What to do?
I didn’t want to be involved. But something that Jim O’Neal had said nagged at me: “I figured you’d do a favor for another SF guy.” Special Forces is a fraternity; the flash and the green beret mark out a common experience, an experience most people couldn’t tolerate. It was true that you’d do what you could to help out a brother. And this one was dead. That made it heavy. I tapped on the Sky-Pager I wore at my waist. It was my electronic leash, ready to tug me back to the shadow world at any time. I wanted it to buzz and call me away, so I could leave this thing alone.
But that wasn’t happening right now.
So I had to do something else.
After a leisurely walk around the lake, I went back to the house and booted up my computer. I typed “runaway children” into Google and was appalled by the number of sites that came up. I followed a link to the National Organization for Missing and Exploited Children and found a wealth of information about runaways.
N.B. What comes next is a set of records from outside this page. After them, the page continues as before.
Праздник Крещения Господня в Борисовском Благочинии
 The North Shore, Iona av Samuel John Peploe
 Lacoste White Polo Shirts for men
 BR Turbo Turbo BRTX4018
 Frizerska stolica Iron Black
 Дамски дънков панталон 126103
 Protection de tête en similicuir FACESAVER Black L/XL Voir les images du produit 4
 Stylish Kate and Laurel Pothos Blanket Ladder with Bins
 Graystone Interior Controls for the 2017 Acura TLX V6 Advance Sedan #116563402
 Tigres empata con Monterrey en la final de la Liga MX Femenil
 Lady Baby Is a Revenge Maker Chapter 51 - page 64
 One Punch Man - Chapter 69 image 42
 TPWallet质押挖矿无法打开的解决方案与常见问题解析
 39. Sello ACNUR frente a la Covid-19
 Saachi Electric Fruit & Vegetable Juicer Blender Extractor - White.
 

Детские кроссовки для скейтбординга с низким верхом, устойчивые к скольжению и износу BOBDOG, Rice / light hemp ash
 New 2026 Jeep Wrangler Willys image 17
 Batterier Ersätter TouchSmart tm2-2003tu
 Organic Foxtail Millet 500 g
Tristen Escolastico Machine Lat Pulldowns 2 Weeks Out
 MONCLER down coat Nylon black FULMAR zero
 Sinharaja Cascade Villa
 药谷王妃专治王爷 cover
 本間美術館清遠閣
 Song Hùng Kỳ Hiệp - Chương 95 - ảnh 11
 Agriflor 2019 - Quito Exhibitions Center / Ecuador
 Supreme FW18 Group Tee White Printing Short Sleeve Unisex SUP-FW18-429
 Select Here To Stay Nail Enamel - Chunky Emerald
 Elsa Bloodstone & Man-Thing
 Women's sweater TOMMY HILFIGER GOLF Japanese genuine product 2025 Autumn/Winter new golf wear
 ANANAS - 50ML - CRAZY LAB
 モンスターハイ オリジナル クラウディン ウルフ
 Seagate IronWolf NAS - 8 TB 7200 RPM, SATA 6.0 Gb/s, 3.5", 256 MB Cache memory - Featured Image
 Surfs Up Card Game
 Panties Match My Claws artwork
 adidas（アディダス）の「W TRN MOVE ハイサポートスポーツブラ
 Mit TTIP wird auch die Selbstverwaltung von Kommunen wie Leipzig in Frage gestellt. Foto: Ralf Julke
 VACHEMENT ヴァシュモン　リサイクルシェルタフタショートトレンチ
Now I knew more than I wanted to know.
And I still hadn’t decided what to do.
When in doubt, decide on something. It’s an old axiom, but true. I don’t dither in my work life, so why should I dither here? I picked up the phone and punched in Lewis Pound’s number from memory. It rang three times, and then he picked up.
“Hello?”
“Mr. Pound? This is Frank Lovelady.”
“Yes, Mr. Lovelady?”
“I’ve thought it over. I’ve got a name at the police department. I’ll see him on Monday, speak to him about Luella. I need you to do something today, though.”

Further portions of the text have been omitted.